#### [Material shown]

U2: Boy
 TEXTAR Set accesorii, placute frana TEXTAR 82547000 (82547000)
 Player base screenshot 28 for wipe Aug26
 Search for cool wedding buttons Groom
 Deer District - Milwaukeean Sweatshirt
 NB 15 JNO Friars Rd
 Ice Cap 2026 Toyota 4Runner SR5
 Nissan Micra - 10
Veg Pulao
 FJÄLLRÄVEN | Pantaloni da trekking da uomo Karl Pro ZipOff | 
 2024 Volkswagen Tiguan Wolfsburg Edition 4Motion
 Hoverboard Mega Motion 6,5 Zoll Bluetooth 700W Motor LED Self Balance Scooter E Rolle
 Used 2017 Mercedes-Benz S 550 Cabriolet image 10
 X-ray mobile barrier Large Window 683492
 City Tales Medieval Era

#### [Task brief]
When you reach the end of the data above, set it all down again unchanged.

#### [Your response]
U2: Boy
 TEXTAR Set accesorii, placute frana TEXTAR 82547000 (82547000)
 Player base screenshot 28 for wipe Aug26
 Search for cool wedding buttons Groom
 Deer District - Milwaukeean Sweatshirt
 NB 15 JNO Friars Rd
 Ice Cap 2026 Toyota 4Runner SR5
 Nissan Micra - 10
Veg Pulao
 FJÄLLRÄVEN | Pantaloni da trekking da uomo Karl Pro ZipOff | 
 2024 Volkswagen Tiguan Wolfsburg Edition 4Motion
 Hoverboard Mega Motion 6,5 Zoll Bluetooth 700W Motor LED Self Balance Scooter E Rolle
 Used 2017 Mercedes-Benz S 550 Cabriolet image 10
 X-ray mobile barrier Large Window 683492
 City Tales Medieval Era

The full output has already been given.